Algorithmic stemmers apply predefined rules to systematically strip affixes (prefixes and suffixes) from words, reducing them to their stems. The following token filters use algorithmic stemmers:

  • porter_stem: Applies the Porter stemming algorithm to remove common suffixes and reduce words to their stems. For example, “running” becomes “run”.

  • kstem: A lightweight stemmer designed for the English langugage that combines algorithmic stemming with a built-in dictionary. It reduces plurals to singulars, converts verb tenses to their base forms, and removes common derivational endings.

  • stemmer: Provides algorithmic stemming for various languages, including English, with options for different stemming algorithms like light_english, minimal_english, and porter2.

  • snowball: Applies the Snowball algorithm to provide efficient and accurate stemming for multiple languages, including English, French, German, and others.

Dictionary stemmers

Dictionary stemmers rely on extensive dictionaries to map words to their root forms, effectively stemming irregular words.
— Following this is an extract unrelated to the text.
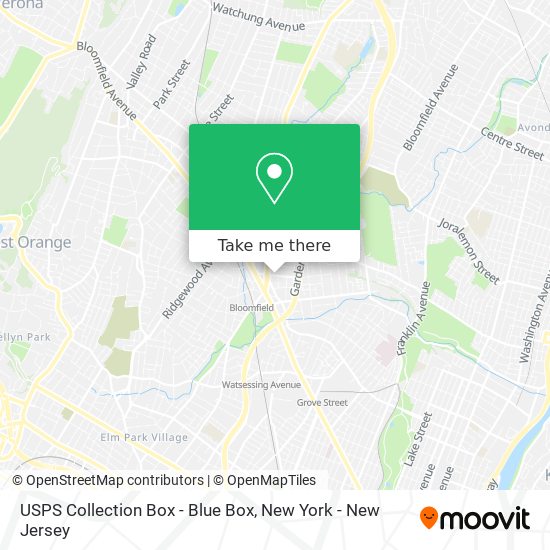 Mapa de USPS Collection Box - Blue Box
They look up each word in a precompiled list to find its corresponding stem. This operation is more resource intensive but often yields better results for irregular words and words that might appear to have a similar stem but are very different in their meaning.

The most prominent example of a dictionary stemmer is the hunspell token filter, which uses Hunspell—a spell checker engine used in many open-source applications.

Considerations

When selecting a stemmer, take note of the following considerations:

  • Algorithmic stemmers are suitable when processing speed and memory efficiency are priorities and the language has relatively regular morphological patterns.
  • Dictionary stemmers are ideal when accuracy in handling irregular word forms is crucial and resources are available to support the increased memory usage and processing time.
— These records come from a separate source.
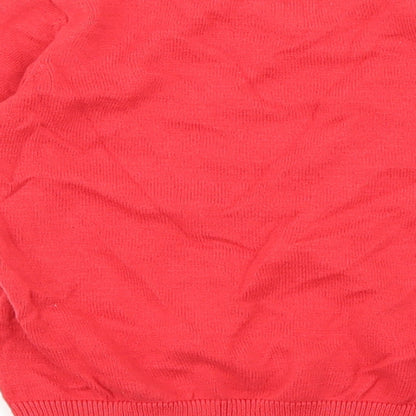 Preloved Marks and Spencer Girls Red V-Neck 100% Cotton Pullover Jumper Size 5-6 Years Pullover - Label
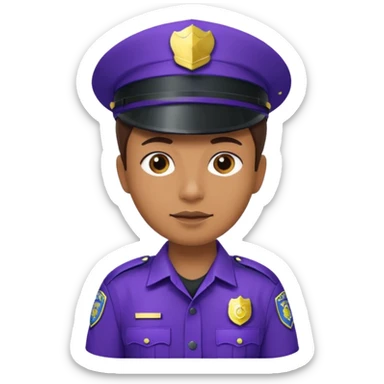 police with purple uniform sticker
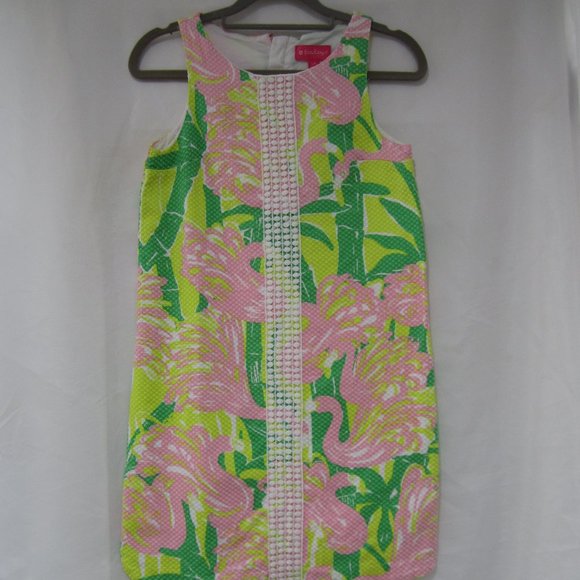 Lilly Pulitzer L 10 12 Flamingo Shift Dress - Picture 1 of 10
Additional stemming configuration

Although “organize” and “organic” share a common linguistic root, leading a stemmer to produce “organ” for both, their conceptual differences are significant. In practical search scenarios, this shared root can lead to irrelevant matches being returned in search results.

You can address these challenges by using the following methods:

  • Explicit stemming overrides: Rather than relying solely on algorithmic stemming, you can define specific stemming rules. Using stemmer_override allows you to ensure that “organize” remains unchanged while “organic” is reduced to “organ.” This provides granular control over the final form of terms.
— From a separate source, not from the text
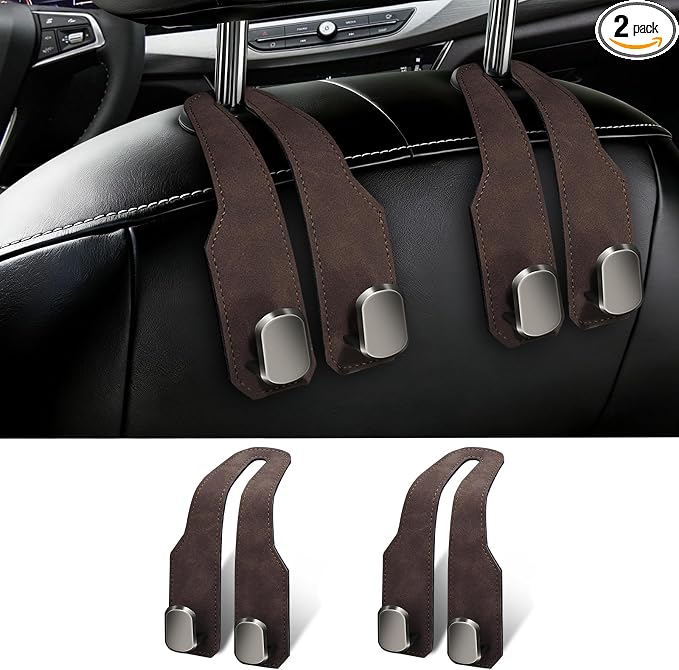 2 Pack Car Seat Headrest Hooks for Purses and Bags, Car Purse Holder With Double Metal Hooks, Headrest Back Seat Handbags Hook, Universal Car Purse Hanger, Cute Car Hanging Accessories, Brown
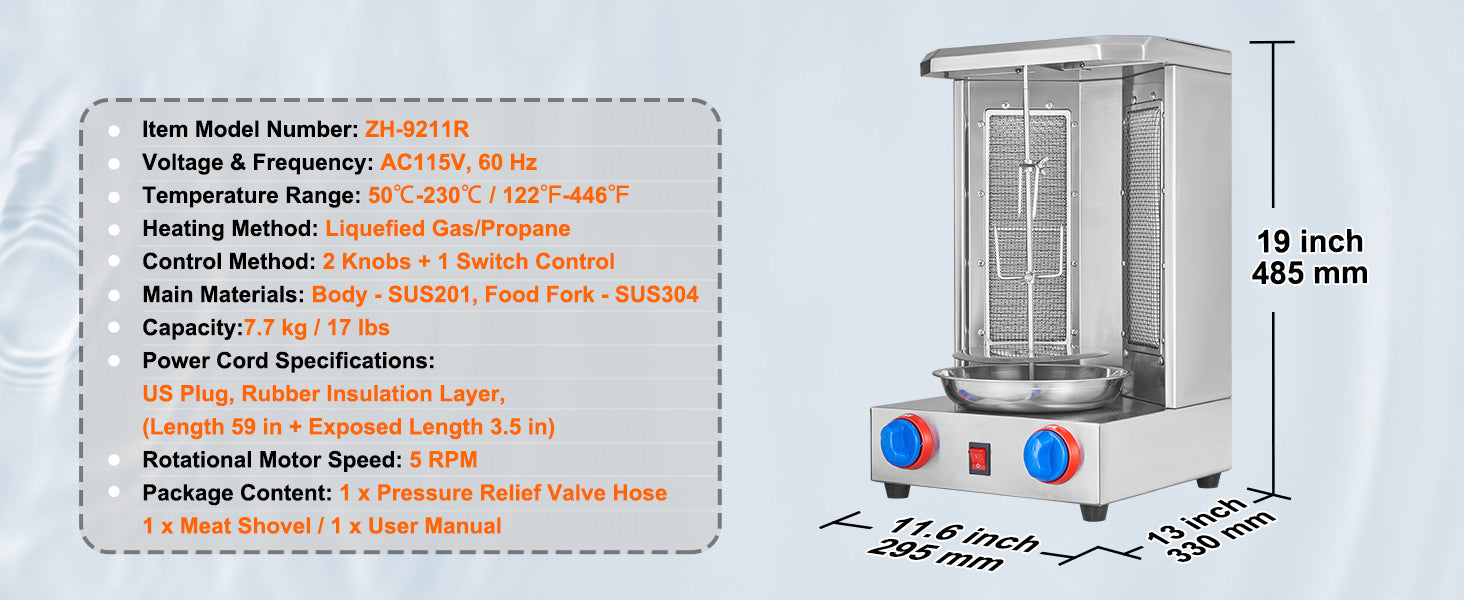 SucceBuy Shawarma Grill Machine13 lbs Chicken Shawarma Cooker Gas Vertical Broiler Gyro Rotisserie Oven Doner Kebab for Home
  • Keyword preservation: To maintain the integrity of important terms, you can use the keyword_marker token filter. This filter designates specific words as keywords, preventing subsequent stemmer filters from altering them. In this example, you can mark “organize” as a keyword, ensuring that it is indexed exactly as it appears.

  • Conditional stemming control: The condition token filter enables you to establish rules that determine whether a term should be stemmed. These can be based on various criteria, such as the term’s presence in a predefined list.

  • Language-specific term exclusion: For built-in language analyzers, the stem_exclusion parameter provides a way to specify words that should be exempt from stemming. For example, you can add “organize” to the stem_exclusion list, preventing the analyzer from stemming it. This can be useful for preserving the distinct meaning of specific terms within a given language.